By Melissa J. Anderson

Yesterday the Senate Judiciary Committee voted in favor of the Respect for Marriage Act. The act is designed to repeal the 1994 Defense of Marriage Act, which bans the federal government from recognizing same-sex marriage. Not only does the act prevent same-sex couples married in one state from having that marriage recognized in another that does not allow same-sex marriage, but it also creates a number of issues for same-sex couples immigrating to the United States.

The vote in the senate comes at the heels of a huge declaration against DOMA by big business last week, when 70 companies, firms, organizations, and municipalities filed a brief against the act. The list includes names like BNY Mellon, CBS, Google, Microsoft, and Xerox.

The companies signing the brief said they want DOMA repealed. Here are three reasons why.

1. The Cost

According to the companies that signed the brief, not only does DOMA force them to treat employees unequally, but it also comes at a cost – and they don’t want to have to pay it.
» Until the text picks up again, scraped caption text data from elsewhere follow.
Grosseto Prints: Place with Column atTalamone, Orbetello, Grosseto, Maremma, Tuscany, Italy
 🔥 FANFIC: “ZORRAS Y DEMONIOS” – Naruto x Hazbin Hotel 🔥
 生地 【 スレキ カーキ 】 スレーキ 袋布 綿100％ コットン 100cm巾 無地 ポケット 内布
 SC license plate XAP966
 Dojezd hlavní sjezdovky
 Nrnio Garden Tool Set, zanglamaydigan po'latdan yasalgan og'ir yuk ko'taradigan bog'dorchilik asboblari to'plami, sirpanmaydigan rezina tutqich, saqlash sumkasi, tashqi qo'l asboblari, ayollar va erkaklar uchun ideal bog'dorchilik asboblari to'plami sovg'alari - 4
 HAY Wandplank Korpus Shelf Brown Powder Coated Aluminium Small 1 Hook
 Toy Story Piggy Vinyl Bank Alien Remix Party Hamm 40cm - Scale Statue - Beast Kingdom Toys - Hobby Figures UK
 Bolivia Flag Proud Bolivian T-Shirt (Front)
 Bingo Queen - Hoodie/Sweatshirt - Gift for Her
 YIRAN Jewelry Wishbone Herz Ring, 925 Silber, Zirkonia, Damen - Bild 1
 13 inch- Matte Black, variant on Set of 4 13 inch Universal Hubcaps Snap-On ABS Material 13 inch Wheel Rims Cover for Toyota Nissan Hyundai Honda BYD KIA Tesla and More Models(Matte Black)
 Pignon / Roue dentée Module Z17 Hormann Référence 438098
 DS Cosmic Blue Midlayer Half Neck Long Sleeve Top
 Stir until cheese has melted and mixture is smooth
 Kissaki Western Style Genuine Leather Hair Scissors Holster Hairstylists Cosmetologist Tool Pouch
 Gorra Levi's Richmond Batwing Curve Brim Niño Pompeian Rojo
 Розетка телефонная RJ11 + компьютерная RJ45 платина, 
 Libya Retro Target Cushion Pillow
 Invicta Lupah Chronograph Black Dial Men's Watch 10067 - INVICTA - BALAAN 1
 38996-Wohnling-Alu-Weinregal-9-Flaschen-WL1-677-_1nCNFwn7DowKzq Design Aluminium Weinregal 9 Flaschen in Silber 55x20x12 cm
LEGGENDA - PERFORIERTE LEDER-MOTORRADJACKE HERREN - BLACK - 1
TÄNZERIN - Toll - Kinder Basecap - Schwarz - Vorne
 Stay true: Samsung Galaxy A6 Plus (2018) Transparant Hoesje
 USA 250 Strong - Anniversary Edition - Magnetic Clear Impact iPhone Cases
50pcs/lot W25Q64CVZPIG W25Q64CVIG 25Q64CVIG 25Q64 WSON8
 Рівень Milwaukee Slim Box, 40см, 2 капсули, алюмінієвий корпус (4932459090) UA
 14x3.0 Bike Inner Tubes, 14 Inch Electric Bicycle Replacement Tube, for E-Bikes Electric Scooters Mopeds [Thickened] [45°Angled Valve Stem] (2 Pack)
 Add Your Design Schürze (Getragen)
The Advocate reported:

“The companies say DOMA ‘forces’ them ‘to investigate the gender of the spouses of our lawfully married employees and then to single out those employees with a same-sex spouse.’ For example, HIPPA laws usually consider marriage a ‘qualifying event’ that automatically enrolls a spouse in an employee’s health insurance. Companies now spend time and money weeding out any gay employees who get married.”

They say the extra administrative costs are unfair and impact HR, payroll, and benefits administration. They also muck up IT and bookkeeping systems so much that some companies have to hire compliance experts to fix the issues created by DOMA.

2. The Employees

By signing the brief and showing support for gay and lesbian employees, companies are able to brand themselves as progressive employers – and this support is well received by LGBT employees and potential employees.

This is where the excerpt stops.